- Opening Delimiter -
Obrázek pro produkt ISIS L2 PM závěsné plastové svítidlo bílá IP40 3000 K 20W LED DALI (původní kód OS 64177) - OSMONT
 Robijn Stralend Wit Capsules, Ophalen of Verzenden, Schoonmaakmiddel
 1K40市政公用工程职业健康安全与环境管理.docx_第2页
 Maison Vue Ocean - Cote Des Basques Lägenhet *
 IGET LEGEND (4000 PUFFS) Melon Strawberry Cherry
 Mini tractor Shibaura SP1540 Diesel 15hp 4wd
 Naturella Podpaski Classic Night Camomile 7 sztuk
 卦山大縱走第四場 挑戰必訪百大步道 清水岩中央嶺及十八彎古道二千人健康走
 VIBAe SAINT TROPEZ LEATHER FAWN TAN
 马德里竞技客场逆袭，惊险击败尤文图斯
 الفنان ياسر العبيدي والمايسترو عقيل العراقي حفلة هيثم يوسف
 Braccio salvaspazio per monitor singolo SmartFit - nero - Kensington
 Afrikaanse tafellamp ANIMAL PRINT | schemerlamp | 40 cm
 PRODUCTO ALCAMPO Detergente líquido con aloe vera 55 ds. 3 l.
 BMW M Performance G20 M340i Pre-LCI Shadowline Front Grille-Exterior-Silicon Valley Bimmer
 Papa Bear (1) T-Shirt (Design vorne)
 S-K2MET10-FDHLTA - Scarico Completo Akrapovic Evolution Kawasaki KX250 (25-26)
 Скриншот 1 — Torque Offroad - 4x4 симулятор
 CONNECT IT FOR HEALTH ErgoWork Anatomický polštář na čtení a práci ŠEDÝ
- Closing Delimiter -
What to work on » All entries should be given again precisely as they appear above.

Written response »
Obrázek pro produkt ISIS L2 PM závěsné plastové svítidlo bílá IP40 3000 K 20W LED DALI (původní kód OS 64177) - OSMONT
 Robijn Stralend Wit Capsules, Ophalen of Verzenden, Schoonmaakmiddel
 1K40市政公用工程职业健康安全与环境管理.docx_第2页
 Maison Vue Ocean - Cote Des Basques Lägenhet *
 IGET LEGEND (4000 PUFFS) Melon Strawberry Cherry
 Mini tractor Shibaura SP1540 Diesel 15hp 4wd
 Naturella Podpaski Classic Night Camomile 7 sztuk
 卦山大縱走第四場 挑戰必訪百大步道 清水岩中央嶺及十八彎古道二千人健康走
 VIBAe SAINT TROPEZ LEATHER FAWN TAN
 马德里竞技客场逆袭，惊险击败尤文图斯
 الفنان ياسر العبيدي والمايسترو عقيل العراقي حفلة هيثم يوسف
 Braccio salvaspazio per monitor singolo SmartFit - nero - Kensington
 Afrikaanse tafellamp ANIMAL PRINT | schemerlamp | 40 cm
 PRODUCTO ALCAMPO Detergente líquido con aloe vera 55 ds. 3 l.
 BMW M Performance G20 M340i Pre-LCI Shadowline Front Grille-Exterior-Silicon Valley Bimmer
 Papa Bear (1) T-Shirt (Design vorne)
 S-K2MET10-FDHLTA - Scarico Completo Akrapovic Evolution Kawasaki KX250 (25-26)
 Скриншот 1 — Torque Offroad - 4x4 симулятор
 CONNECT IT FOR HEALTH ErgoWork Anatomický polštář na čtení a práci ŠEDÝ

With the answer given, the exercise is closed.